- [Work required]: Under this line is a listing; return exactly the lines starting at the one with "What is it everyone, this" and running down to the one with "Once you select", and leave out its pictures.

- [Data shown]:
------------------------------------------------------------
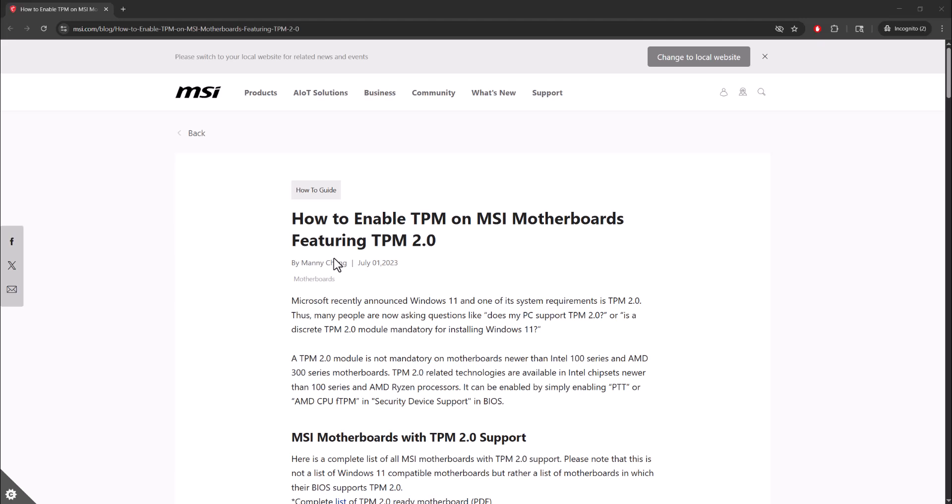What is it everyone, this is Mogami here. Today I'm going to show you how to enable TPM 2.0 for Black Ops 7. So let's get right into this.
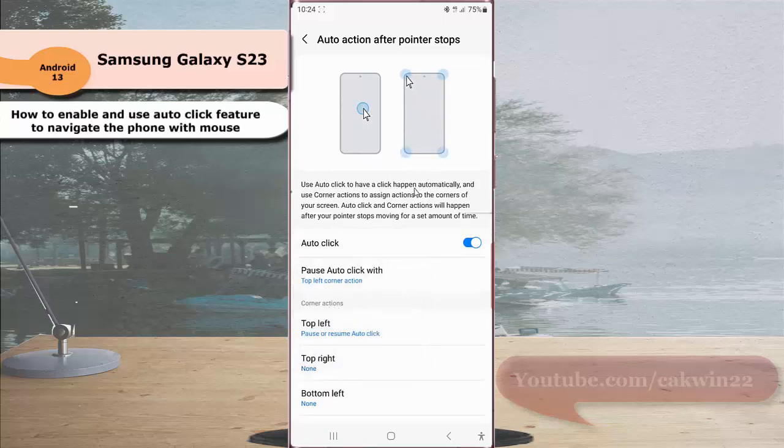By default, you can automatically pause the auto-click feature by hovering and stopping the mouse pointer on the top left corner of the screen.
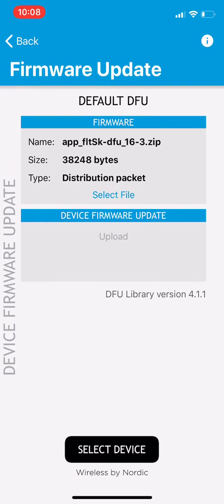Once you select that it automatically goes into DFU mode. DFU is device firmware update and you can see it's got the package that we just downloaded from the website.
------------------------------------------------------------
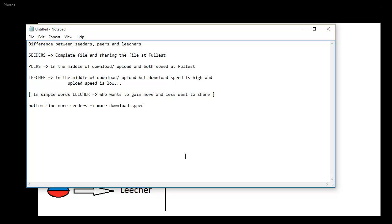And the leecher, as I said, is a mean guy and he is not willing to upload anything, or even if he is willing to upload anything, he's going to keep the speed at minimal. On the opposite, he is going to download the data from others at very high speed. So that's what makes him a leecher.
------------------------------------------------------------
- [Expected output]:
What is it everyone, this is Mogami here. Today I'm going to show you how to enable TPM 2.0 for Black Ops 7. So let's get right into this.
By default, you can automatically pause the auto-click feature by hovering and stopping the mouse pointer on the top left corner of the screen.
Once you select that it automatically goes into DFU mode. DFU is device firmware update and you can see it's got the package that we just downloaded from the website.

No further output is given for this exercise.